Facebook's latest diversity figures have revealed a one percent change in the number of female workers it employs, as the social networking giant remains a white male-dominated company.
Out of all of Facebook's US employees, 68 percent are men and 32 percent are women, compared to 2014 where the split was 69 percent male and 31 percent female.
This one percent change for both genders indicates minor progress for the social networking firm, which prompted Maxine Williams, global director of Diversity at Facebook, to say the company is not where it wants to be with its workforce split.
"There's more work to do," she wrote in a Facebook blog post. "We remain deeply committed to building a workplace that reflects a broad range of experience, thought, geography, age, background, gender, sexual orientation, language, culture and many other characteristics."
"It's a big task, one that will take time to achieve, but our whole company continues to embrace this challenge."
Facebook split its gender diversity figures into technology and non-technology divisions.

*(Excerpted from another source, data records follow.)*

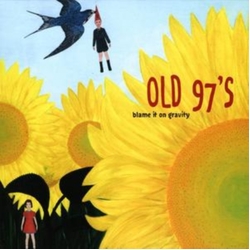 Old 97's Blame IT on Gravity CD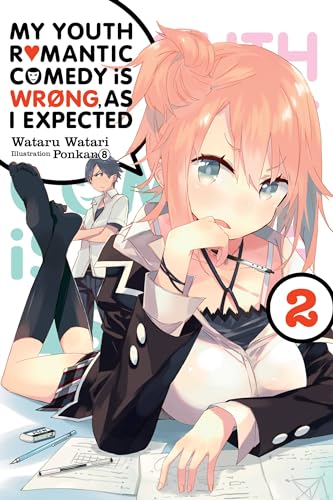 My Youth Romantic Comedy Is Wrong, As I Expected, Vol. 2 - light novel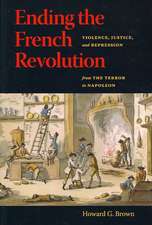 Ending the French Revolution: Violence, Justice, and Repression from the Terror to Napoleon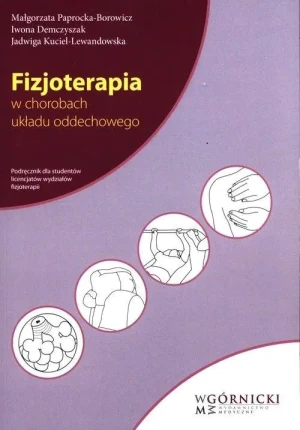 Fizjoterapia w chorobach układu oddechowego - Paprocka-Borowicz Małgorzata, Demczyszak Iwona, Ku - książka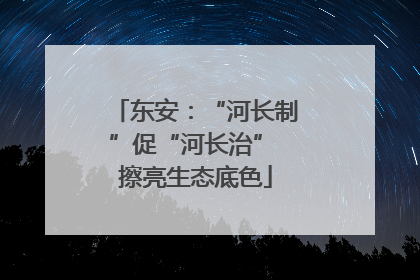东安：“河长制”促“河长治” 擦亮生态底色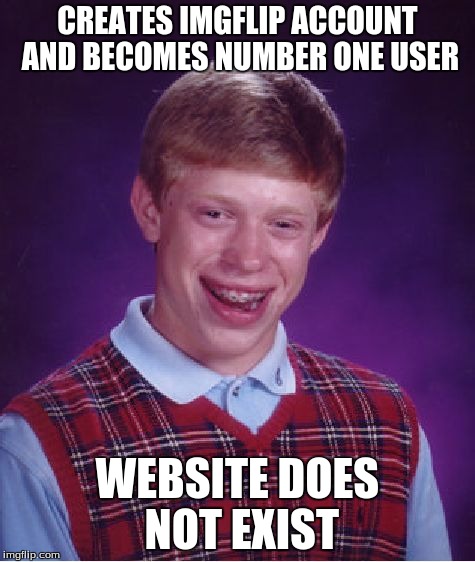 Bad Luck Brian | CREATES IMGFLIP ACCOUNT AND BECOMES NUMBER ONE USER WEBSITE DOES NOT EXIST | image tagged in memes,bad luck brian | made w/ Imgflip meme maker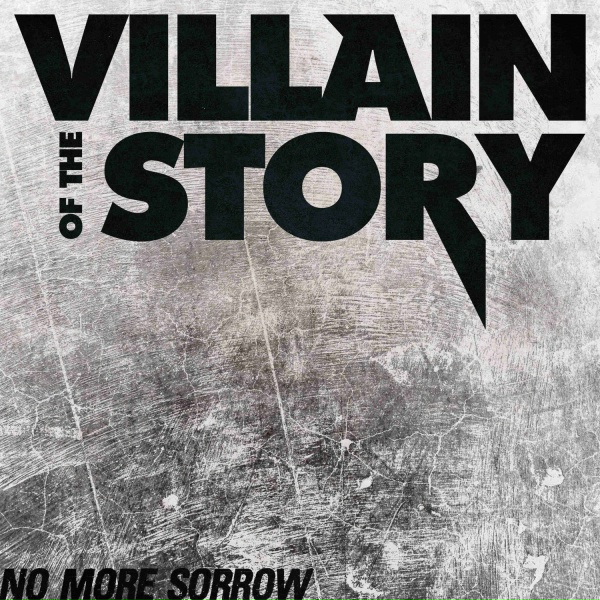 Обложка: Villain of the Story - No More Sorrow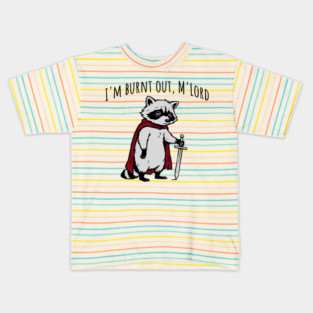 Knight Raccoon with sword: "I'm burnt out, M'Lord" meme Kids T-Shirt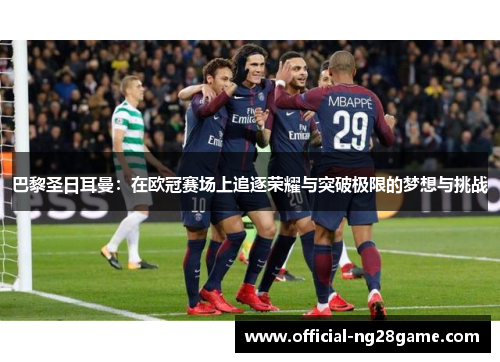 巴黎圣日耳曼：在欧冠赛场上追逐荣耀与突破极限的梦想与挑战
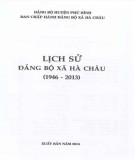 Ebook Lịch sử Đảng bộ xã Hà Châu (1946-2013): Phần 1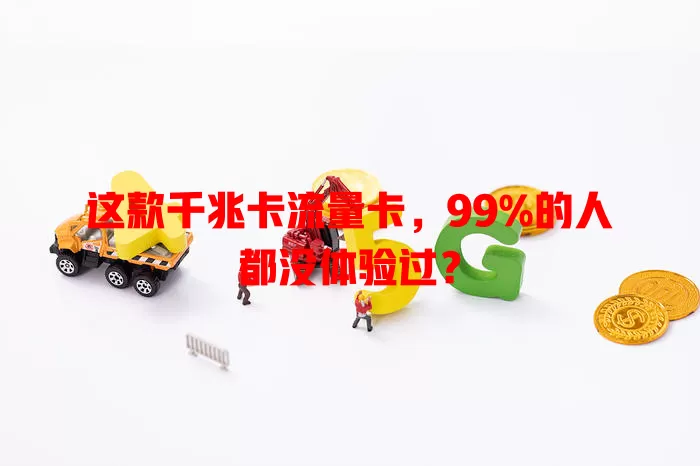 这款千兆卡流量卡，99%的人都没体验过？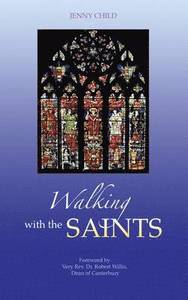 Walking with the Saints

In the former, 84 percent of employees are men, while 16 percent are women, a common trend in the technology industry.
For the non-technology division, Facebook has made more progress in shifting the gender divide; 48 percent of the workforce is male, while 52 percent are female.
In 2014, the split was in reverse, with 53 percent male and 47 percent female non-technology based employees.

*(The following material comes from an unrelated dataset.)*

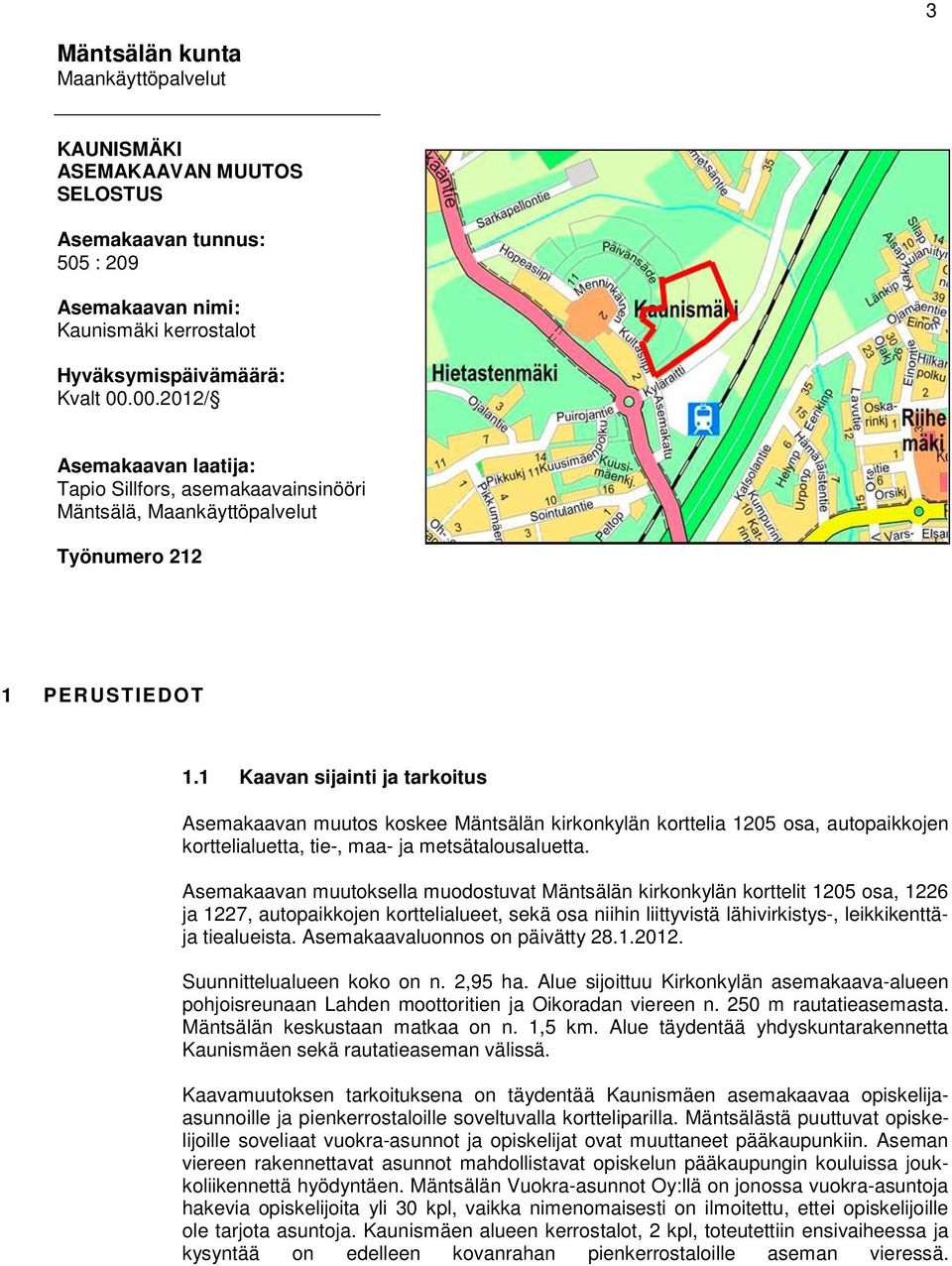 1 Kaavan sijainti ja tarkoitus Asemakaavan muutos koskee Mäntsälän kirkonkylän korttelia 1205 osa, autopaikkojen korttelialuetta, tie-, maa- ja metsätalousaluetta.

In the senior leadership ranks of Facebook the gender divide has a male bias, 77 percent compared to 23 percent female, mirroring figures released in 2014.

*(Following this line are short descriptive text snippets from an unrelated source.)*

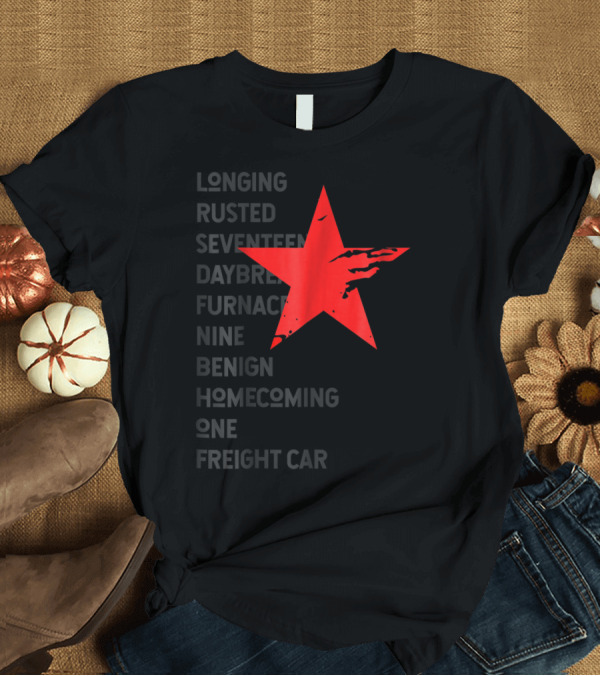 T-Shirt: Winter Soldier Red Star Trigger Words Longing Rusted Seventeen Daybreak Furnace Nine Benign Homecoming One Freight Car T-Shirt Winter Soldier Red Star Trigger Words Longing Rusted Seventeen Daybreak Furnace Nine Benign Homecoming One Freight Car T-Shirt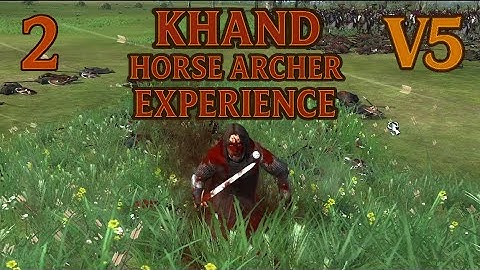 DaC V5 - Evil Khand 2: Horse Archer Experience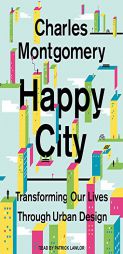 Happy City: Transforming Our Lives Through Urban Design by Charles Montgomery Paperback Book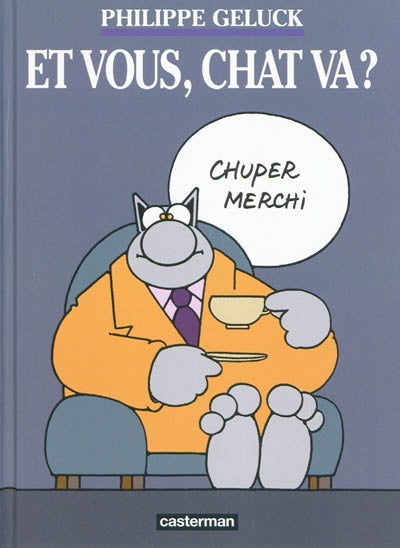 Product Image: Le Chat. Vol. 12. Et vous, Chat va ?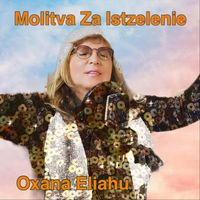 Oxana Eliahu - Molitva Za Istzelenie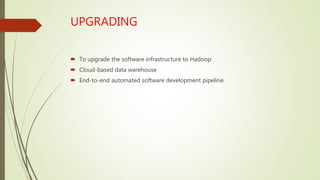 UPGRADING
 To upgrade the software infrastructure to Hadoop
 Cloud-based data warehouse
 End-to-end automated software development pipeline.
 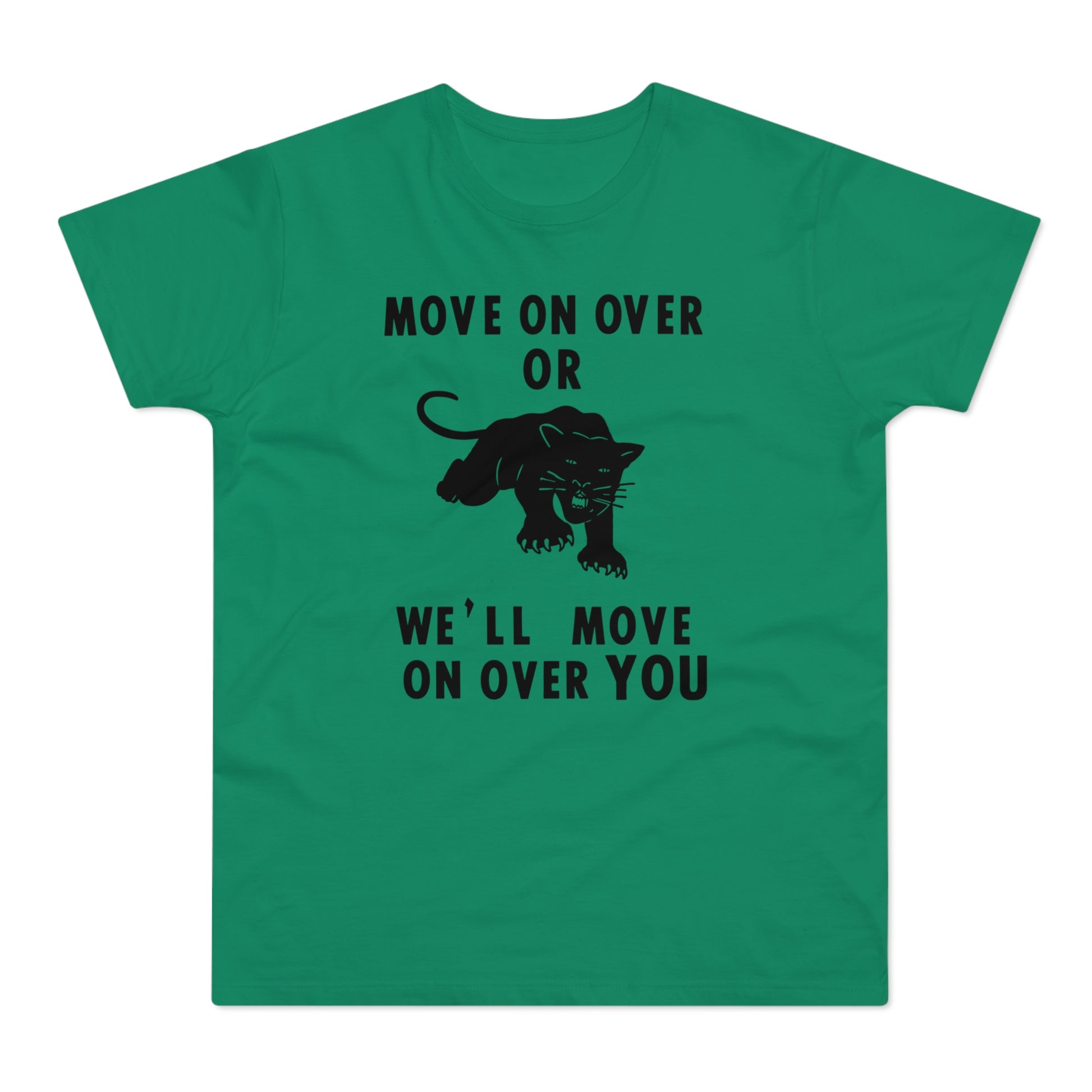 Green t-shirt with black text "MOVE ON OVER OR WE'LL MOVE ON OVER YOU" and a black panther.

Facebook has improved its ethnic diversity this year. While the majority of employees are white, the company now employs a slightly higher percentage of workers from other ethnicities.
Across the entire company's US employees, 55 percent are white while 36 percent are Asian, four percent Hispanic and two percent are black.
Comparatively, in 2014, the ethnicity split was 57 percent white, 34 percent Asian, four percent Hispanic and two percent black.
White and Asian ethnicities are dominant across the company, with the technology division being made up of 51 percent white and 43 percent Asian workers. In the non-technology division, this split is 62 percent white and 24 percent Asian.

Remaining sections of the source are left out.